• TASK INSTRUCTIONS
The reply must contain exactly the lines below from the one with "Adopt Hazel a" down to the one with "纯野生乌灵参中材野生雷震子鸡茯苓吊金钟鸡枞蛋煲汤煮水精品选货50g", both included, and nothing more; please omit the pictures.

• RECORDS TO PROCESS
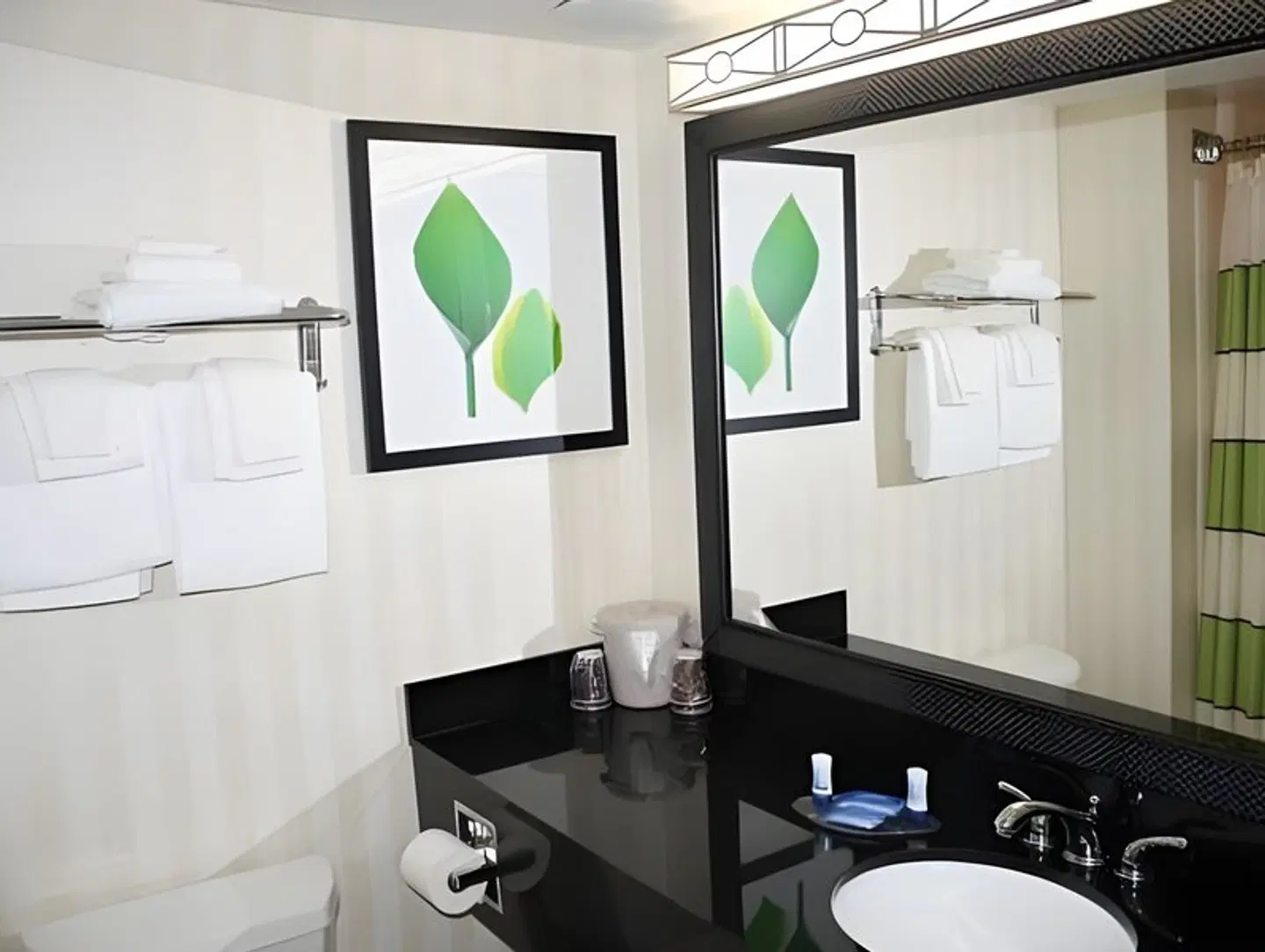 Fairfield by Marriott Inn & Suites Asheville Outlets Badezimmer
---
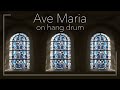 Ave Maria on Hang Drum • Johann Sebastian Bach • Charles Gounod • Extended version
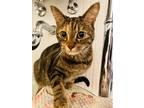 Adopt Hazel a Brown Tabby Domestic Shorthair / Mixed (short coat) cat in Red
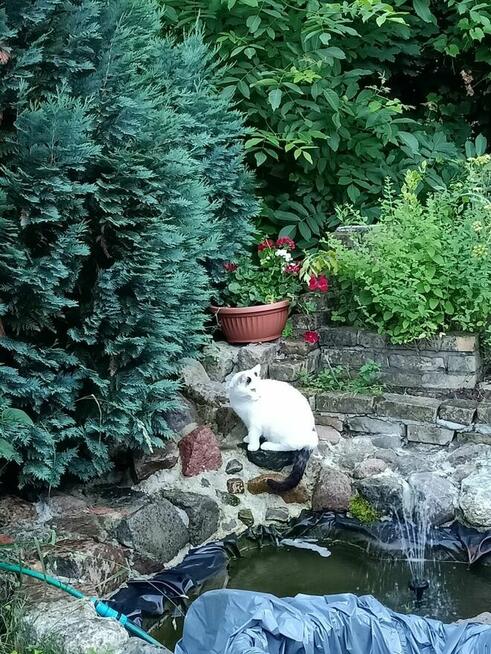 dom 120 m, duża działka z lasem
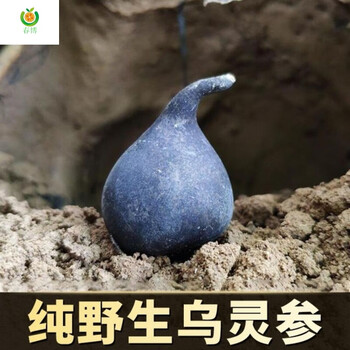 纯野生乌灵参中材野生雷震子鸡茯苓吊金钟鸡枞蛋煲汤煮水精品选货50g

• ANSWER BOX
 Adopt Hazel a Brown Tabby Domestic Shorthair / Mixed (short coat) cat in Red
 dom 120 m, duża działka z lasem
 纯野生乌灵参中材野生雷震子鸡茯苓吊金钟鸡枞蛋煲汤煮水精品选货50g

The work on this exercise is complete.